• _Description of the task_:
Pictures must not appear in the copy. Restate exactly the lines below from the one with "Each of these" through the one with "All right, YouTube, Stocks", inclusive.

• _Listed records_:
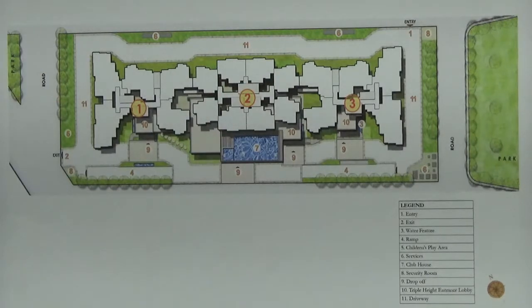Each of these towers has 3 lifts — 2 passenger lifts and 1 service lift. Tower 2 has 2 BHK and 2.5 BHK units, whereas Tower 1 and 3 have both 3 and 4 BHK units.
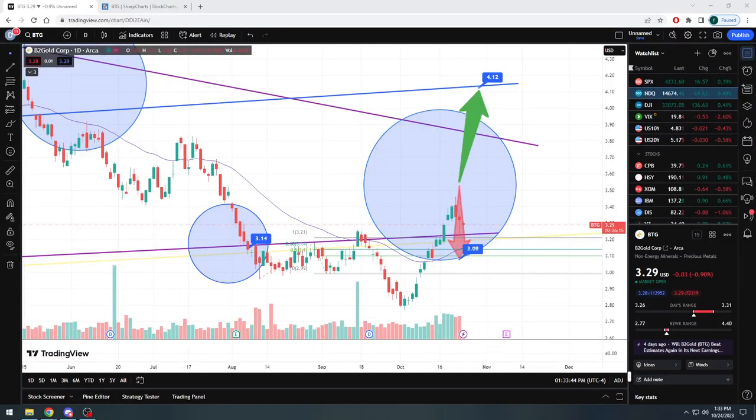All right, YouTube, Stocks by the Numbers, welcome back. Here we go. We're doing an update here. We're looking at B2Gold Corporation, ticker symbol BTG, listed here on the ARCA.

* * *

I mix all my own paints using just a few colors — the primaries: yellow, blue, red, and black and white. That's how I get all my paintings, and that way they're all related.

---

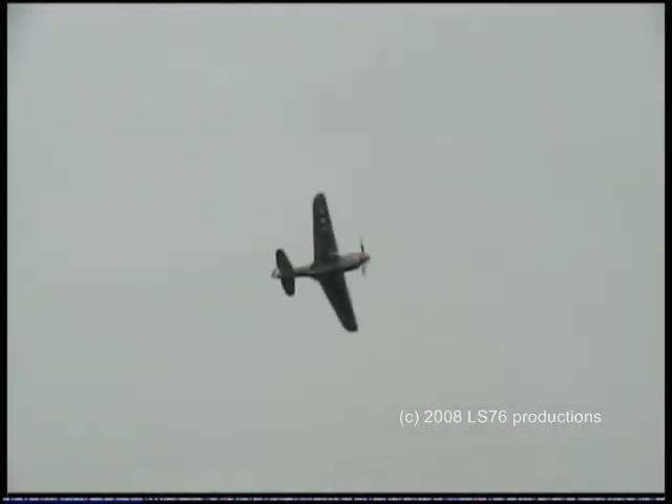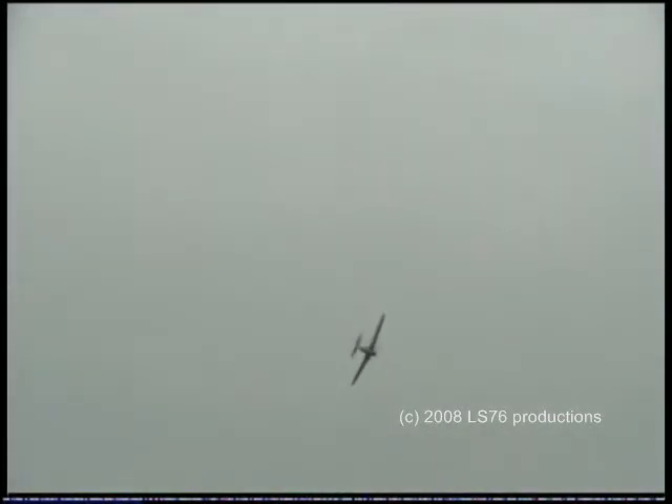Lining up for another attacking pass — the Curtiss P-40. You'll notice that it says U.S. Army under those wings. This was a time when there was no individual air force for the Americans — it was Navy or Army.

• _Exercise output_:
Each of these towers has 3 lifts — 2 passenger lifts and 1 service lift. Tower 2 has 2 BHK and 2.5 BHK units, whereas Tower 1 and 3 have both 3 and 4 BHK units.
All right, YouTube, Stocks by the Numbers, welcome back. Here we go. We're doing an update here. We're looking at B2Gold Corporation, ticker symbol BTG, listed here on the ARCA.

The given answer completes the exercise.